<<<<

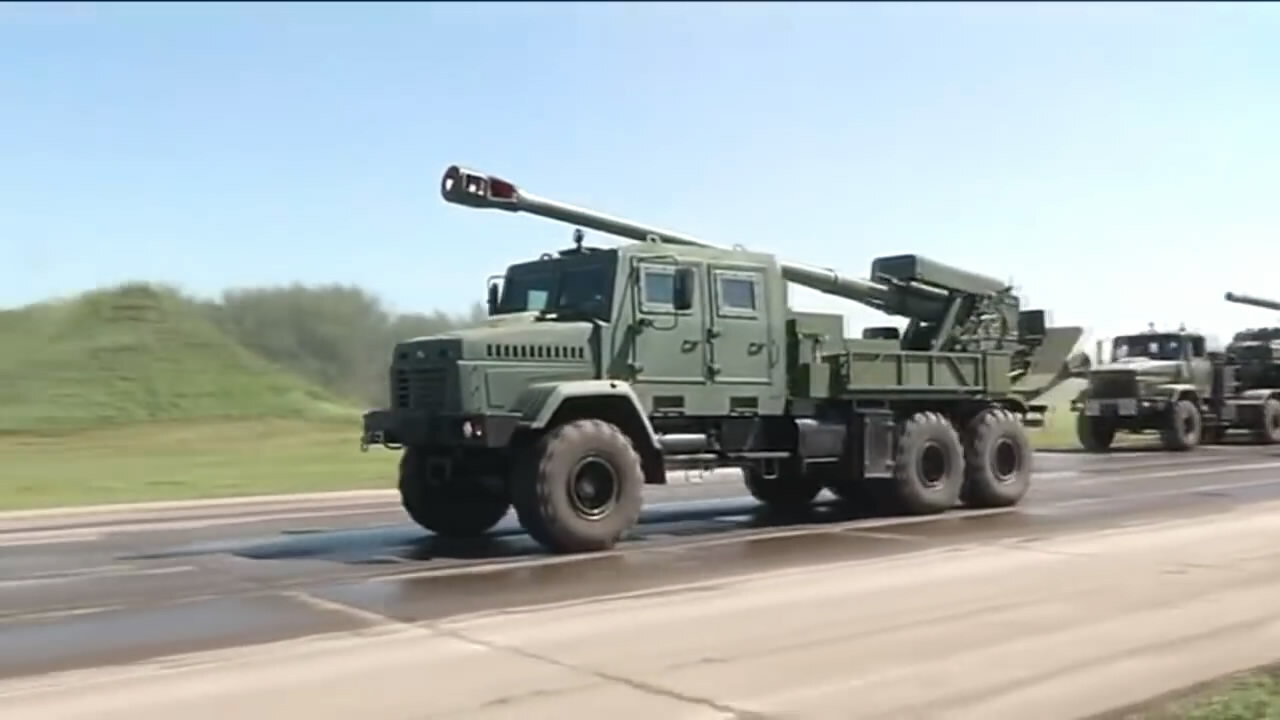 乌克兰推出新型卡车炮 因外观傻大很粗竟被军迷吐槽落后
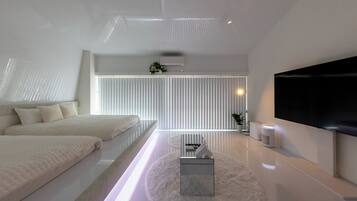 1 bedroom, free WiFi, bed sheets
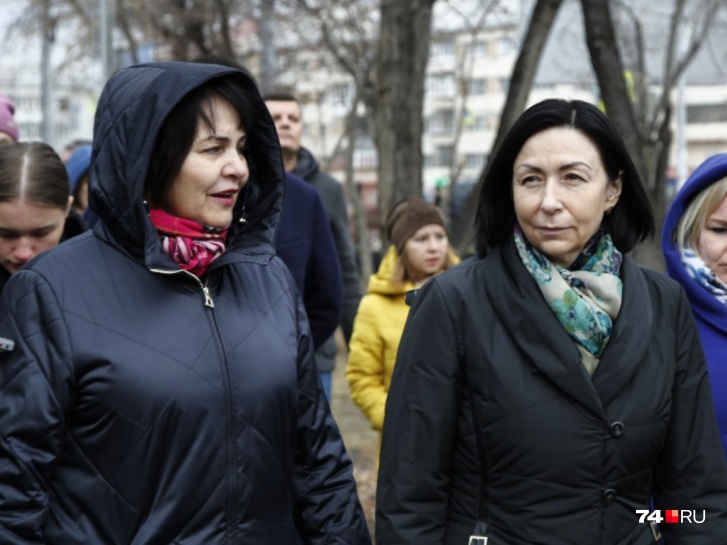 Глава Тракторозаводского района Галина Гаврилова (слева) провела экскурсию для Натальи Котовой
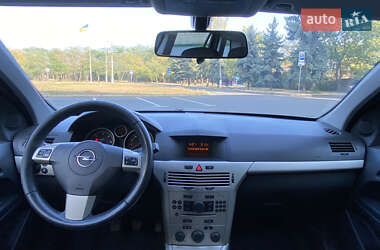 Универсал Opel Astra 2007 в 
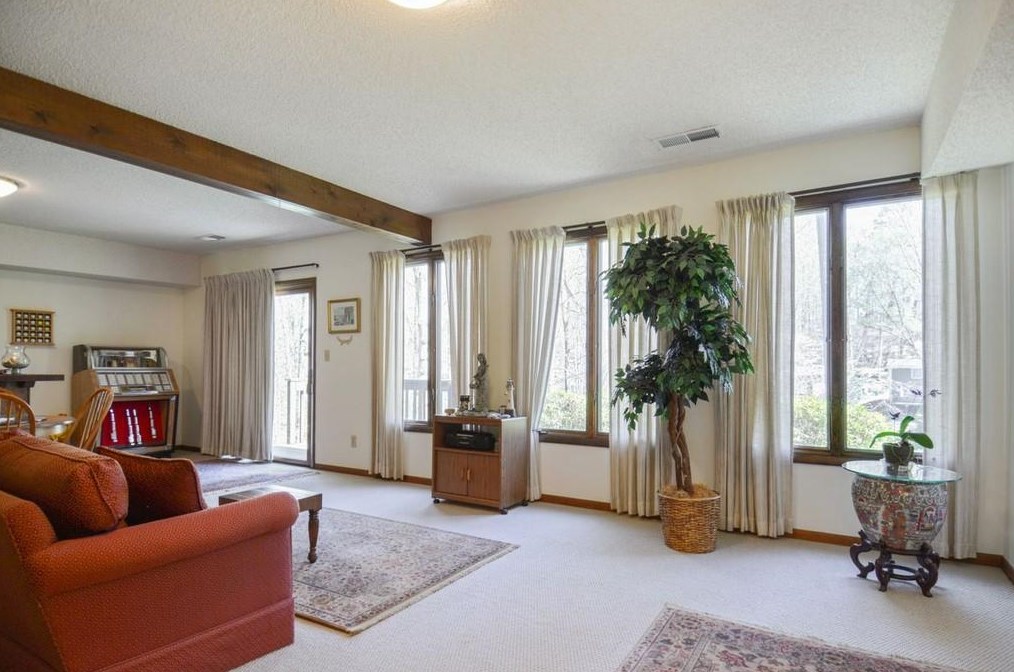 1965 Woodsdale Rd, Atlanta GA  30324-2763 exterior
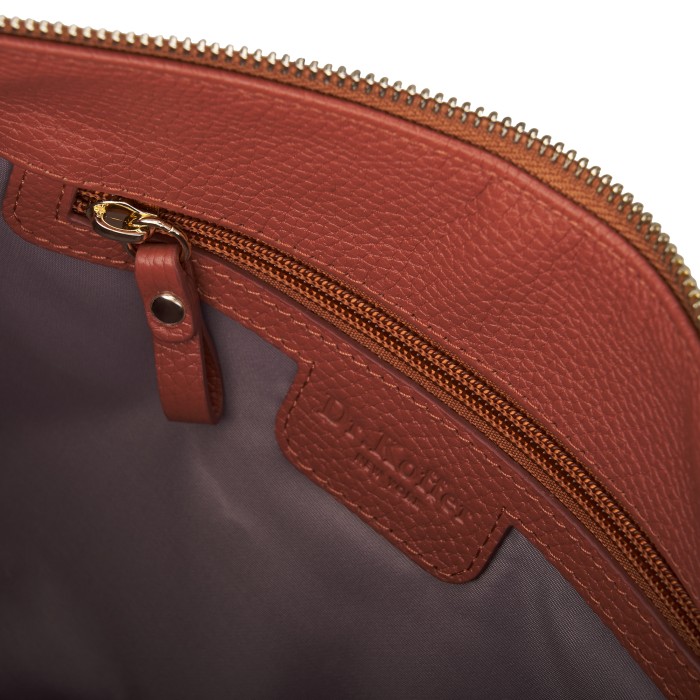 Товар оранжевого цвета с внутренней стороны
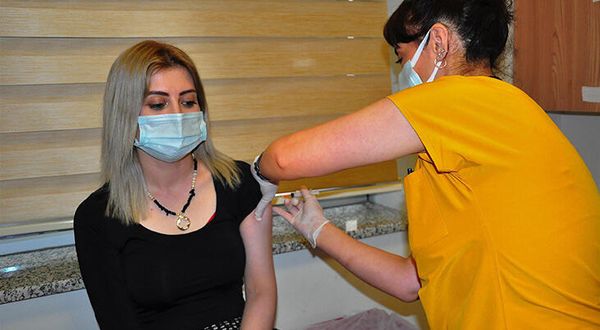 Covid-19 aşılarının yan etkilerinin kadınlarda daha fazla görülüyor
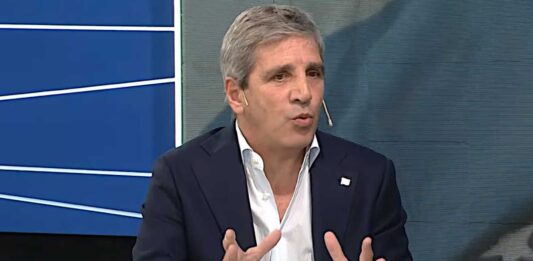 El Ministerio de Economía informó que Luis Pierrini presentó su renuncia a la Secretaría de Transporte y que será reemplazado por Fernando Herrmann.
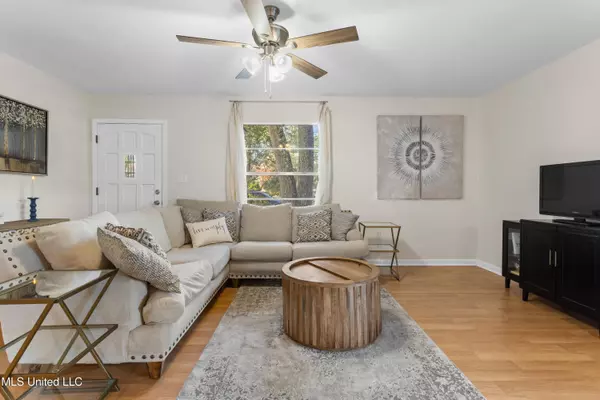 122 Shady Grove Avenue, Long Beach, MS 39560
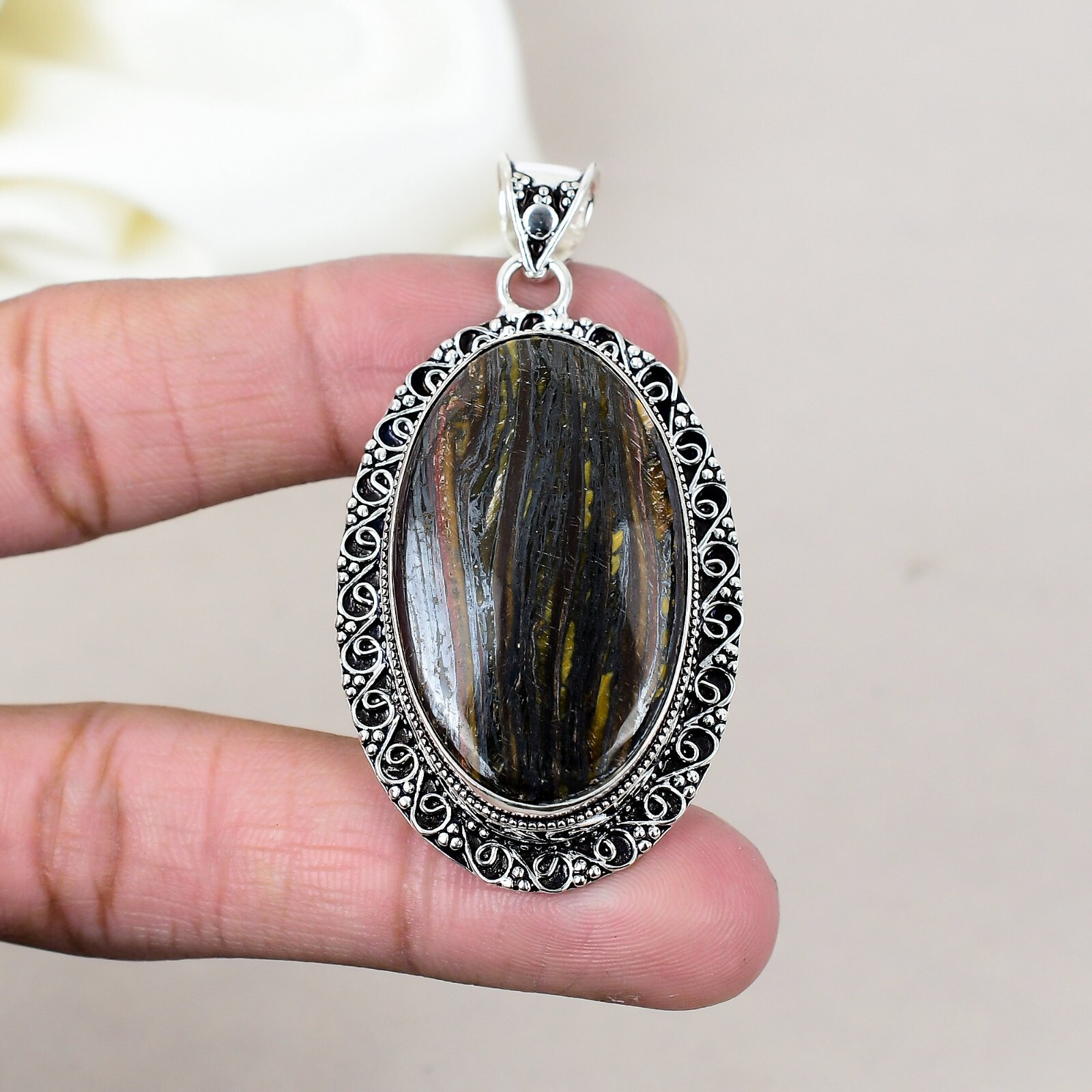 Tiger Eye Gemstone Pendant in 925 Sterling Silver for Love Gift
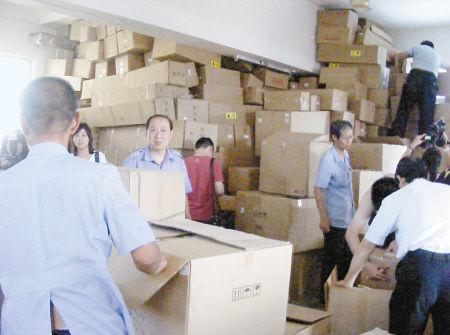 民警正在清点查获的假冒商品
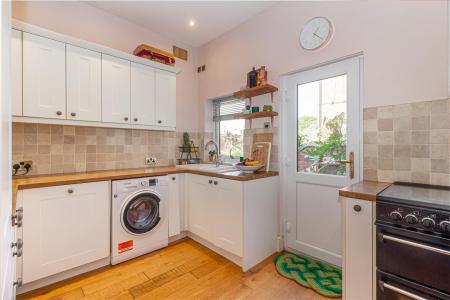 Kitchen-3.jpg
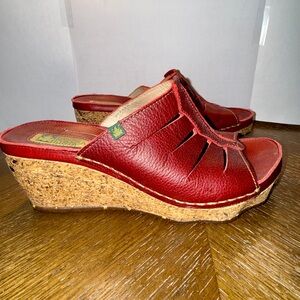 El Naturalista Red Vintage Leather Sandals | Size 39 (US 8.5)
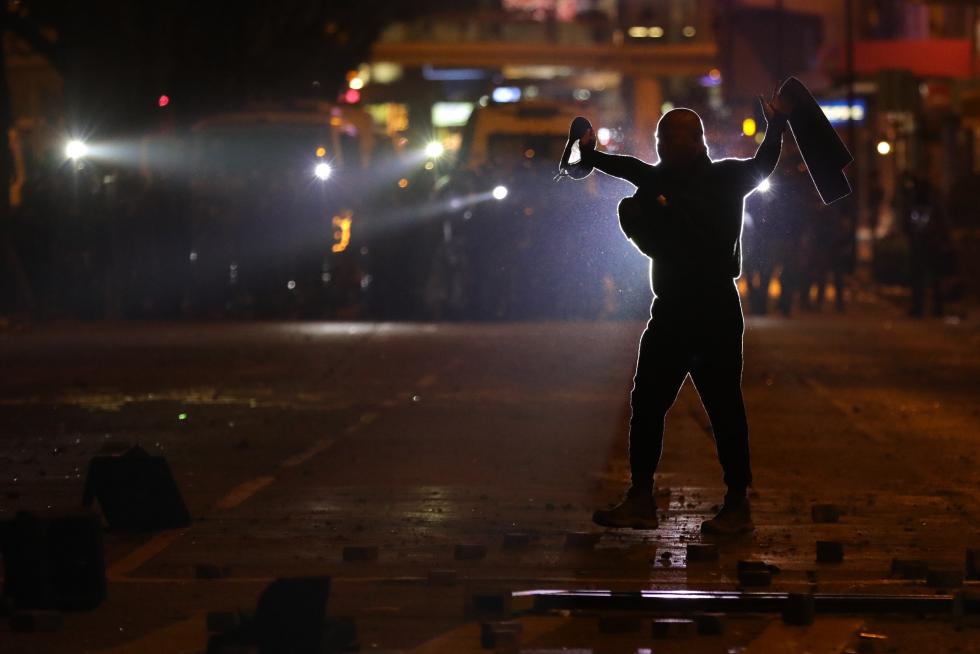 Hong Kong (China), 17/11/2019.- Pro-democracy protesters in action during clashes with police outside the Hong Kong Polytechnic University (PolyU), in Hong Kong, China, 17 November 2019. Hong Kong is in its sixth month of mass protests, which were originally triggered by a now withdrawn extradition bill and have since turned into a wider pro-democracy movement. (Protestas) EFE/EPA/FAZRY ISMAIL Protests in Hong Kong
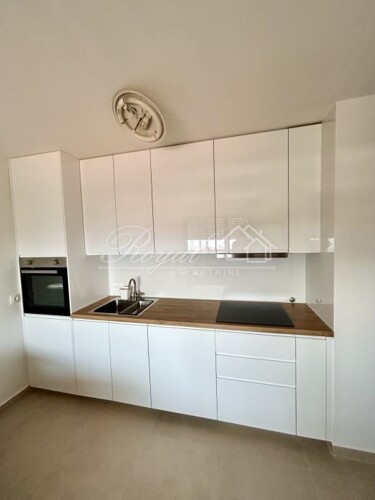 RIJEKA, KRNJEVO - Moderno uređen stan 1S+DB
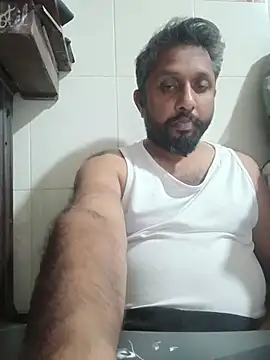 Snapshot of carria_homes chatting on January 7, 2026, 7:05 pm carria homes online show from January 7, 2026, 7:05 pm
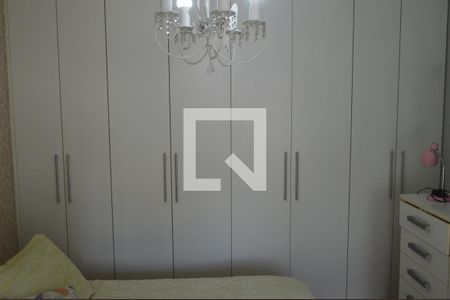 Casa à venda com 218m², 3 quartos e 2 vagasQuarto 2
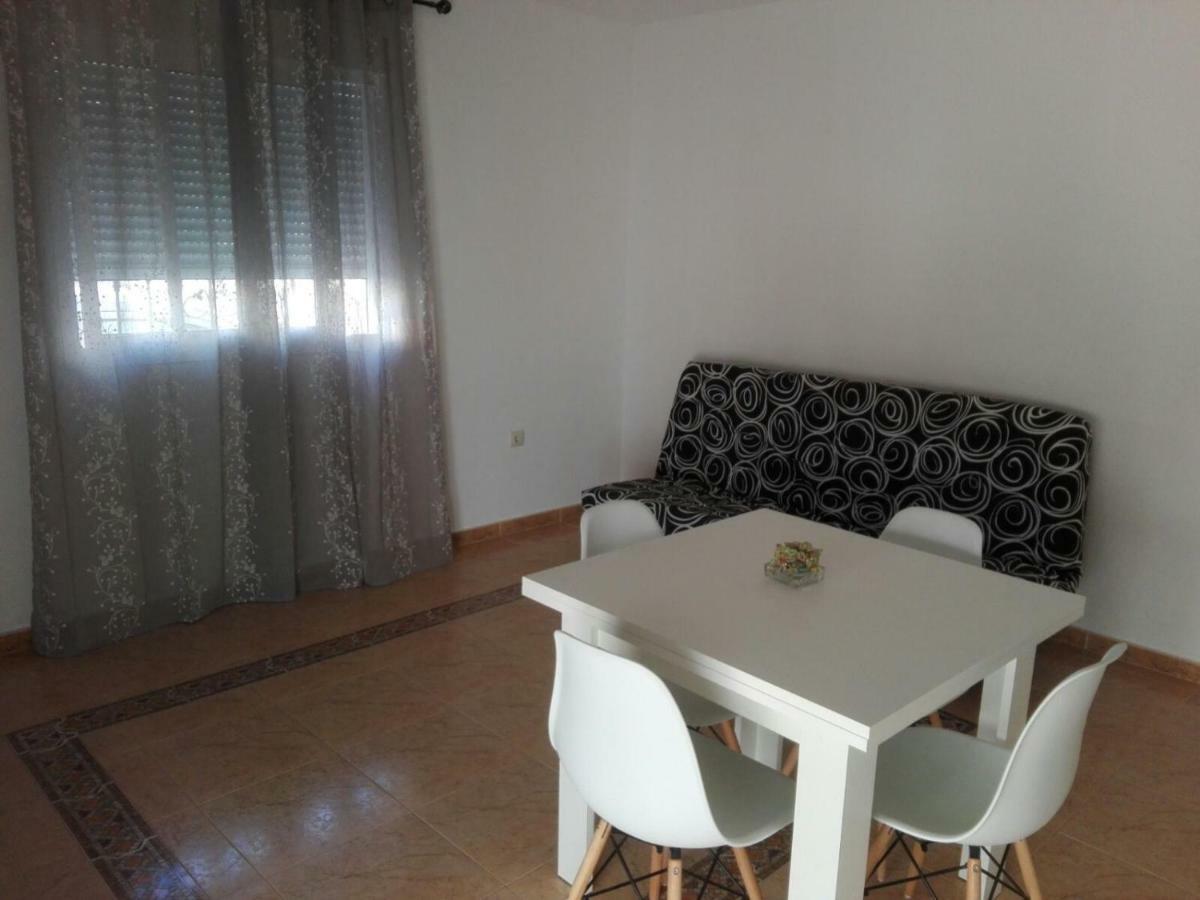 شقة كاربونيذاس  في Calle Malaga, 7 Bajo A المظهر الخارجي الصورة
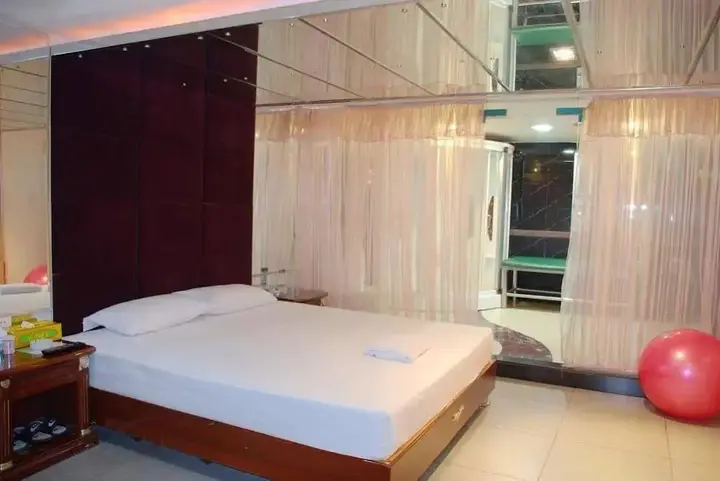 Хойчжоу: Out Sky Hotel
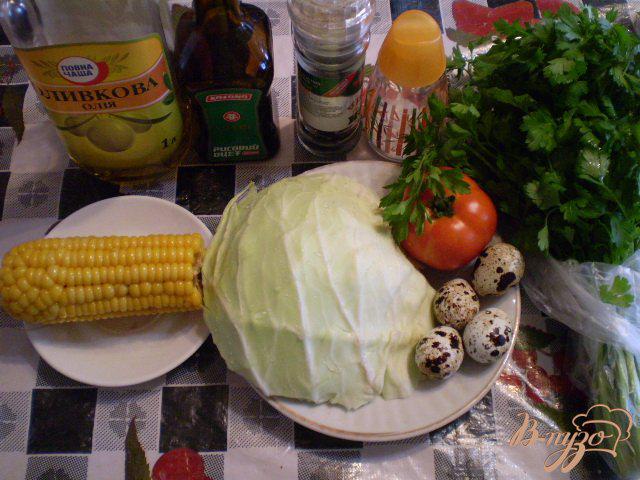 Фото приготовление рецепта: Легкий овощной салат с кукурузой и перепелиными яйцами шаг №1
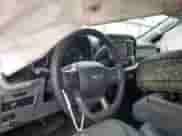 2021 Ford F-150 XL z VIN 1FTMF1E57MKD42212, wystawiony jako Copart lot #61053984 z przebiegiem Nie podano mil oraz Szkoda całkowita • Salvage title. Historia ofert i sprzedaży dostępna na DreamBid. Obrazek 8.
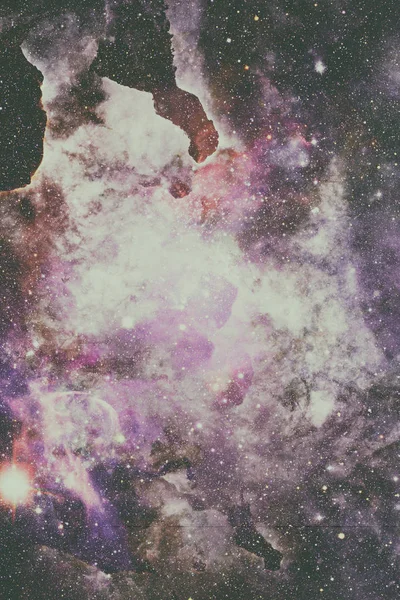 Güzel nebula ve galaksi. Bu görüntünün elementleri NASA tarafından desteklenmektedir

>>>>

In the records above, everything from the line with "民警正在清点查获的假冒商品" down to the line with "Фото приготовление рецепта: Легкий" must be duplicated exactly, both lines kept. Leave no pictures in.

--- ANSWER SPACE ---
 民警正在清点查获的假冒商品
 Kitchen-3.jpg
 El Naturalista Red Vintage Leather Sandals | Size 39 (US 8.5)
 Hong Kong (China), 17/11/2019.- Pro-democracy protesters in action during clashes with police outside the Hong Kong Polytechnic University (PolyU), in Hong Kong, China, 17 November 2019. Hong Kong is in its sixth month of mass protests, which were originally triggered by a now withdrawn extradition bill and have since turned into a wider pro-democracy movement. (Protestas) EFE/EPA/FAZRY ISMAIL Protests in Hong Kong
 RIJEKA, KRNJEVO - Moderno uređen stan 1S+DB
 Snapshot of carria_homes chatting on January 7, 2026, 7:05 pm carria homes online show from January 7, 2026, 7:05 pm
 Casa à venda com 218m², 3 quartos e 2 vagasQuarto 2
 شقة كاربونيذاس  في Calle Malaga, 7 Bajo A المظهر الخارجي الصورة
 Хойчжоу: Out Sky Hotel
 Фото приготовление рецепта: Легкий овощной салат с кукурузой и перепелиными яйцами шаг №1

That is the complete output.